» Records to use:
────────

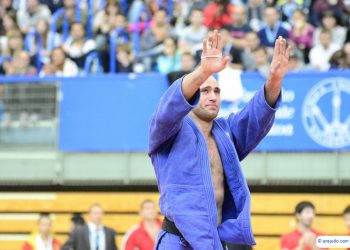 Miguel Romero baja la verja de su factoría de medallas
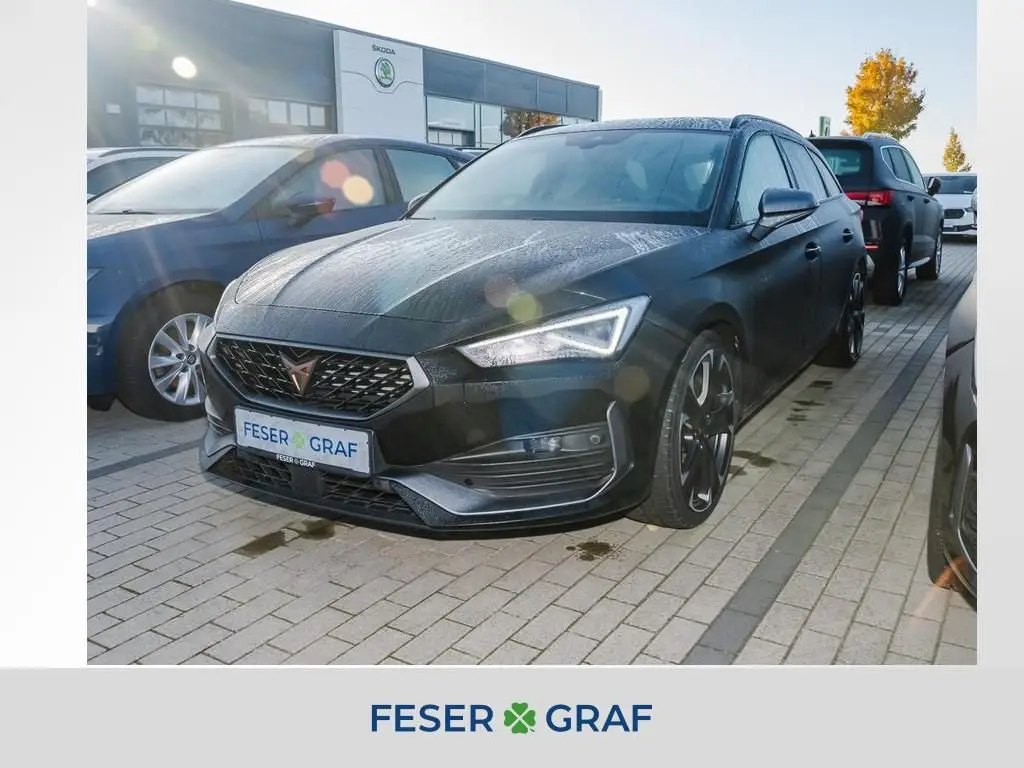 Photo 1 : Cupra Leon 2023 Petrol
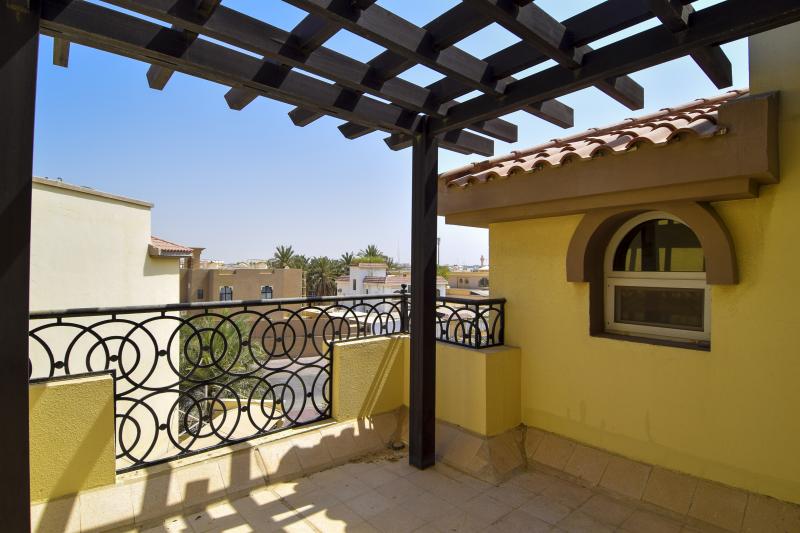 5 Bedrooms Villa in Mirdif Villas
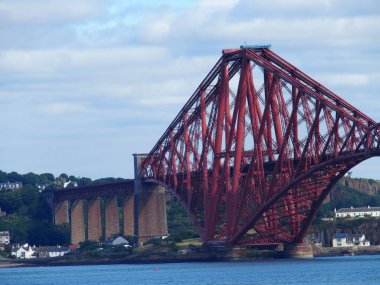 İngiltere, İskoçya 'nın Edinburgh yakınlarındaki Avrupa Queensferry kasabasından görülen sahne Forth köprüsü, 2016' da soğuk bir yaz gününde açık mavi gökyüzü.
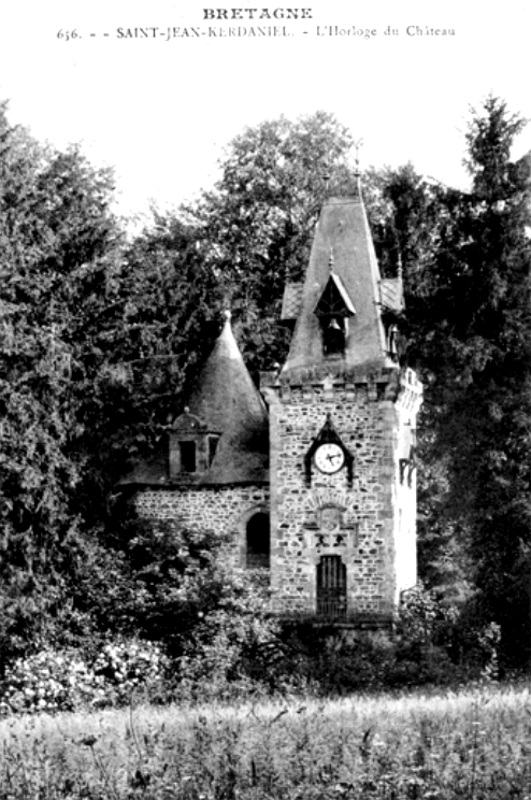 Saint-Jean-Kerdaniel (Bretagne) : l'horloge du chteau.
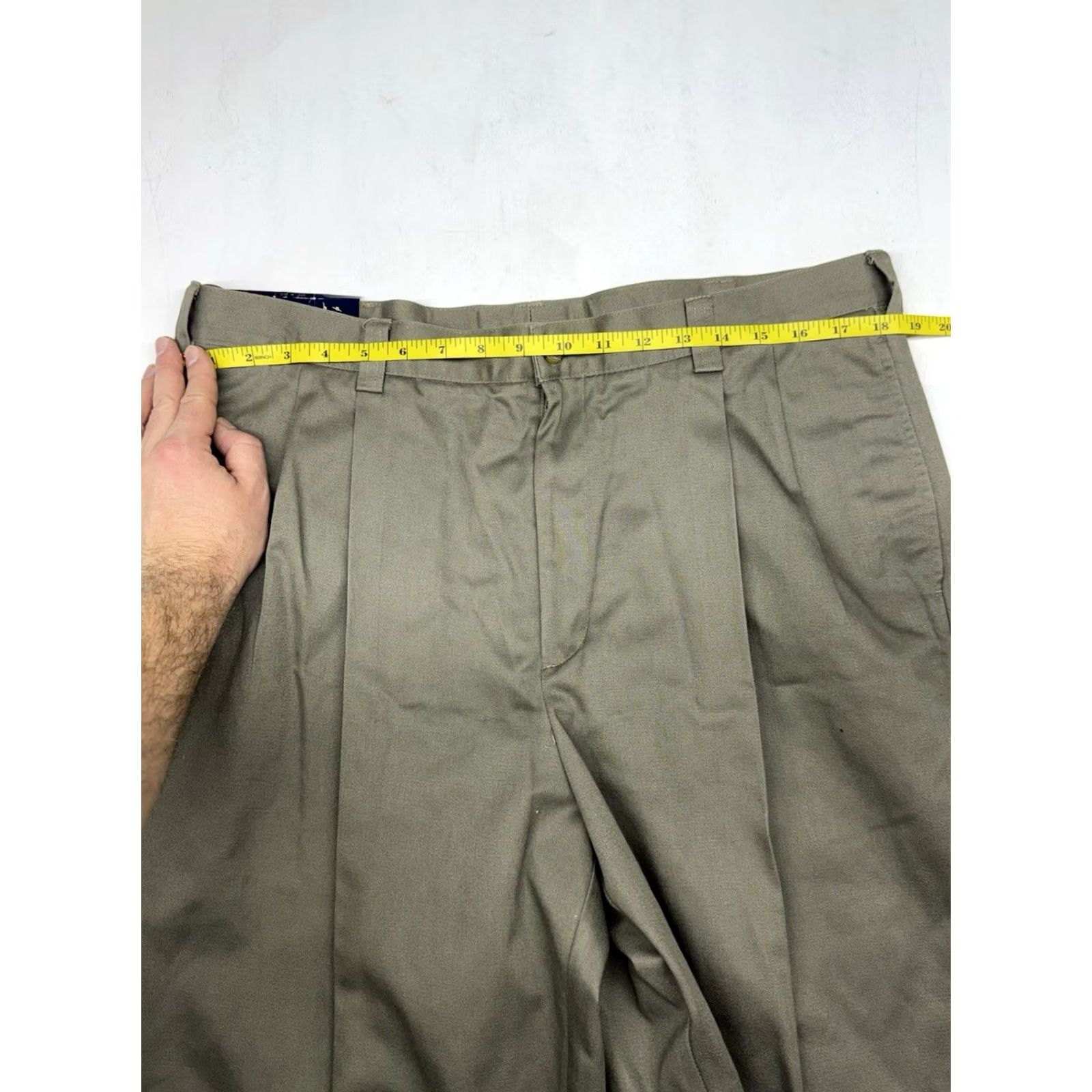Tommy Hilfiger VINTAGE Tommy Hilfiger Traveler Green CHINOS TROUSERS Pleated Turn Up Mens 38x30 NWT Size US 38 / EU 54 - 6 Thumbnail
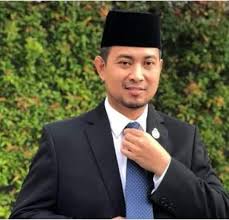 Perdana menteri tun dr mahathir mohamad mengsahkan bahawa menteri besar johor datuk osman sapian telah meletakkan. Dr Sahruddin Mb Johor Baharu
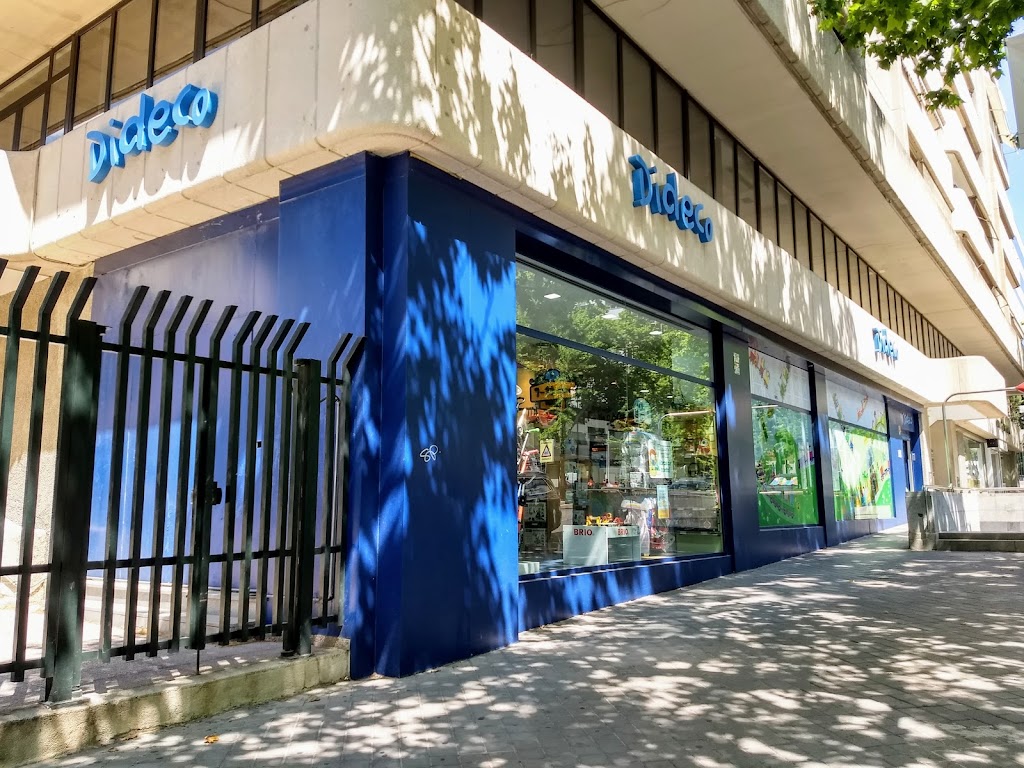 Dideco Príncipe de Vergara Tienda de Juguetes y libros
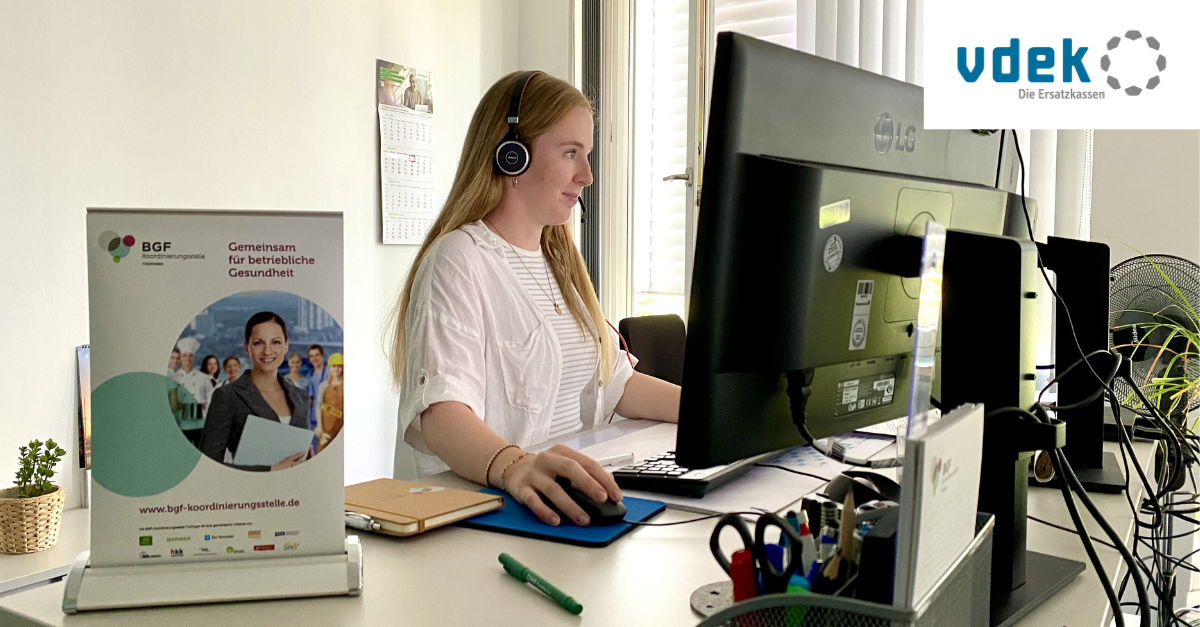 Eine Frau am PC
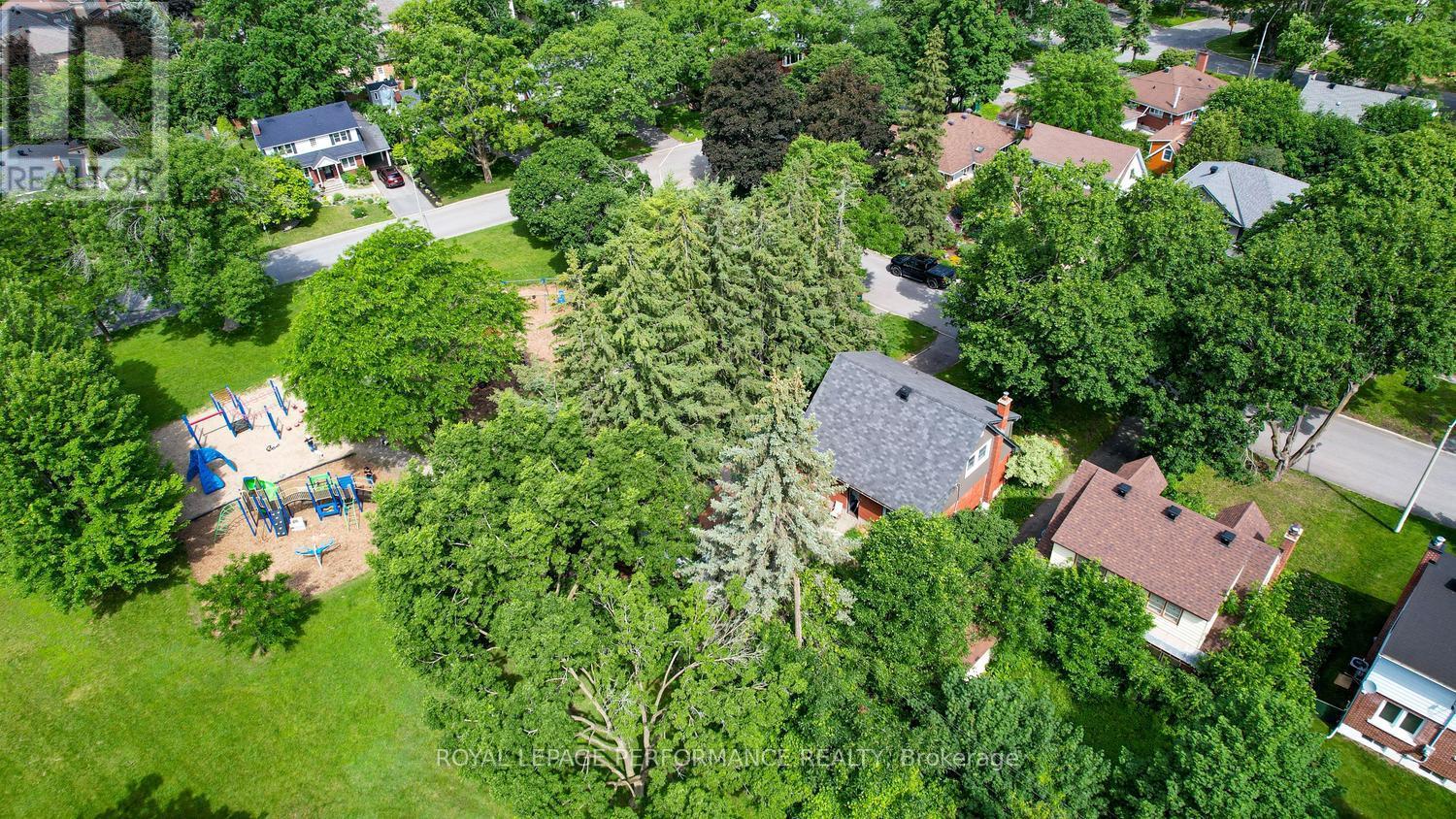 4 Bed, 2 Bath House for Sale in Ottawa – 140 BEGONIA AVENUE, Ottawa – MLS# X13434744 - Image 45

────────

» What is expected: Pictures excluded, transcribe the listing above exactly from the line with "İngiltere, İskoçya 'nın" through the line with "Tommy Hilfiger VINTAGE", and no further.

» Solution for this exercise:
 İngiltere, İskoçya 'nın Edinburgh yakınlarındaki Avrupa Queensferry kasabasından görülen sahne Forth köprüsü, 2016' da soğuk bir yaz gününde açık mavi gökyüzü.
 Saint-Jean-Kerdaniel (Bretagne) : l'horloge du chteau.
Tommy Hilfiger VINTAGE Tommy Hilfiger Traveler Green CHINOS TROUSERS Pleated Turn Up Mens 38x30 NWT Size US 38 / EU 54 - 6 Thumbnail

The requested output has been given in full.